I ride 3 Zipp2001's from the early 90's. One has over 40,000 miles, one at just under 17,000, and the third has just over 500 miles. I just build the third one up this year after digging it out of storage. The one with over 40,000 miles is being lent out to a friend of mine who is trying some tri's this year.


----------



## Kenacycle (May 28, 2006)

I had a Giant Cadex 980c back in 1991. It was one of the first more affordable carbon bikes at the time. 

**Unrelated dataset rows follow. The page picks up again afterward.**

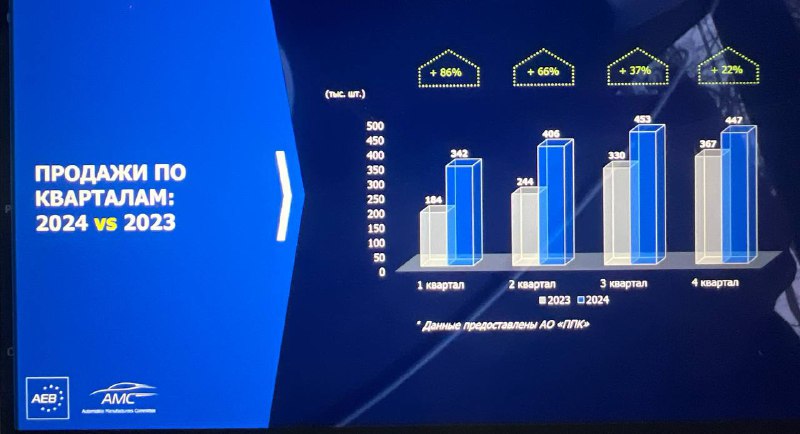 Итоги 2024 года на авторынке России: данные АЕБ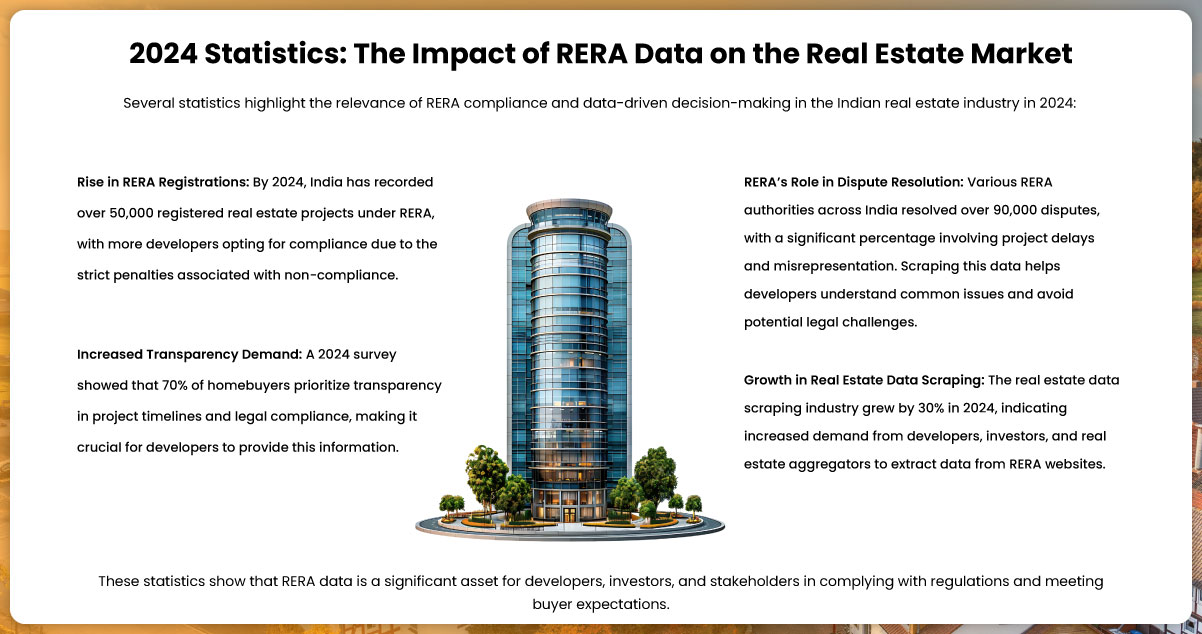 2024-Statistics-The-Impact-of-RERA-Data-on-the-Real-Estate-Market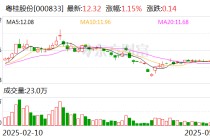 粤桂股份：公司的预算及利润预测一般不会对外公开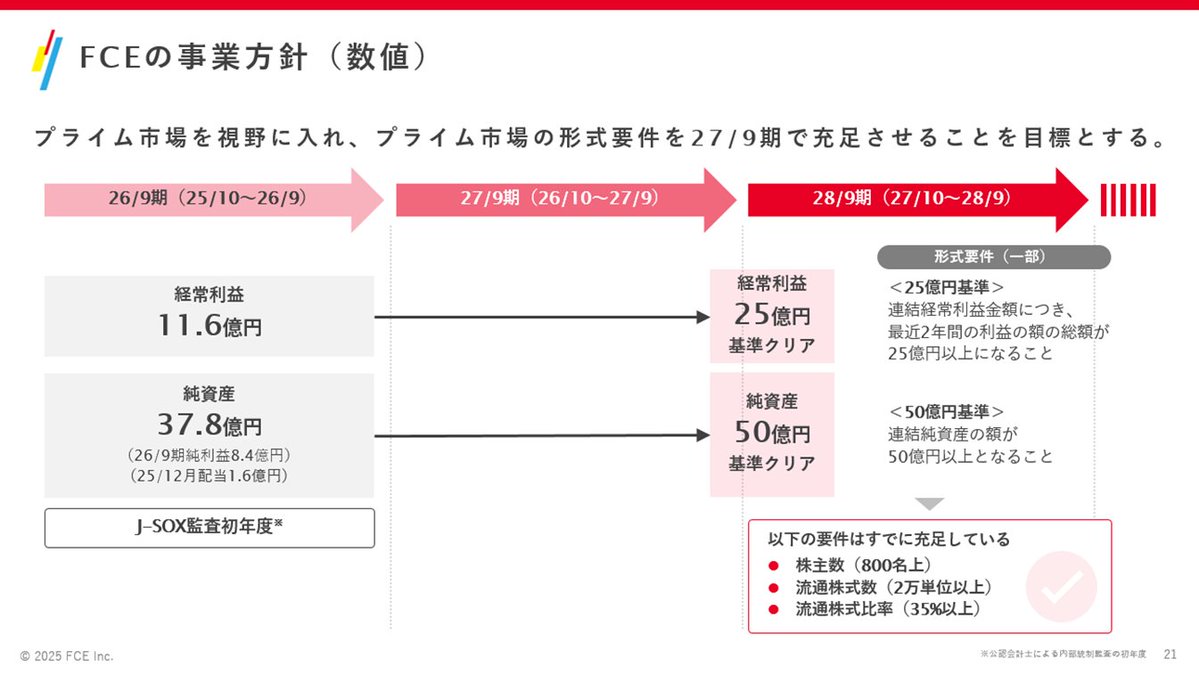 【FCE IR】 25/9期通期決算説明会（11/27 17時～） 
（主な新規追加事項） 
✓3か年中経の振り返り（25/9期は当初計画対比で+24.1%の売上実績） 
✓プライム市場を意識した数値イメージ（2期間利益25億円や純利益50億円を意識）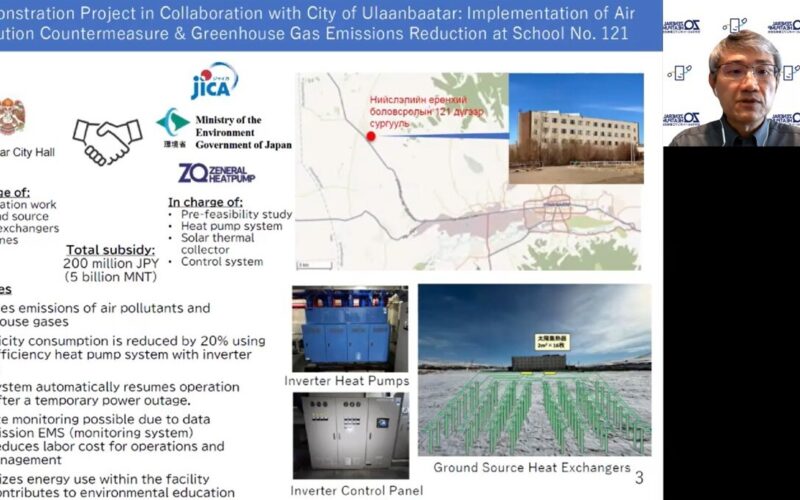 Zeneral Heatpump Shiba 2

I hadn't even ridden it much before it was put in storage for a good 14 years. I sold it two years ago


----------



## cyclust (Sep 8, 2004)

I recently was forced to sell my beloved 1986 Kestrel 4000 due to a nasty and expensive divorce. It was full Campy C record w/Delta brakes, Specialized tri spoke wheels painted to match the custom cycleart paint job and classic selle san marco regal saddle. Now look what you've done... I'm starting to cry...THAT *****!!!!!!!!!!!!!!!!!


----------



## spu2261 (Aug 26, 2004)

I have a 1991 Kestrel 200 SC that is my primary ride. I commute 28 miles round trip every day, and the folks in my office think I'm a nutcase. It still rides as good as when I purchased it.


----------



## solorider (Aug 16, 2004)

*I still ride at 1993 Trek OCLV Mountainbike*

The title says it all. I'm riding a hardtail Trek OCLV Mountain Bike.

I bought the bike in 1993 and have ridden it hard on many many occasions. I've only ridden it 5-6 times in the last 3 years. I've got kids (see the very popular kid excuse thread for more).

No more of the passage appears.